▸ **Information provided**:
····················

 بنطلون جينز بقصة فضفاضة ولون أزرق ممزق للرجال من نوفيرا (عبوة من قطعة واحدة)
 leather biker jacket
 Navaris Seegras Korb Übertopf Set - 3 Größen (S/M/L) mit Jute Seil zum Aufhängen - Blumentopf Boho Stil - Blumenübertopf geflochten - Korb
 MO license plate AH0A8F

····················

▸ **Goal of the exercise**:
Nothing but the lines from the one containing "Navaris Seegras Korb" through the last line of the material should be returned, each exactly as written, both ends included.

▸ **Written solution**:
 Navaris Seegras Korb Übertopf Set - 3 Größen (S/M/L) mit Jute Seil zum Aufhängen - Blumentopf Boho Stil - Blumenübertopf geflochten - Korb
 MO license plate AH0A8F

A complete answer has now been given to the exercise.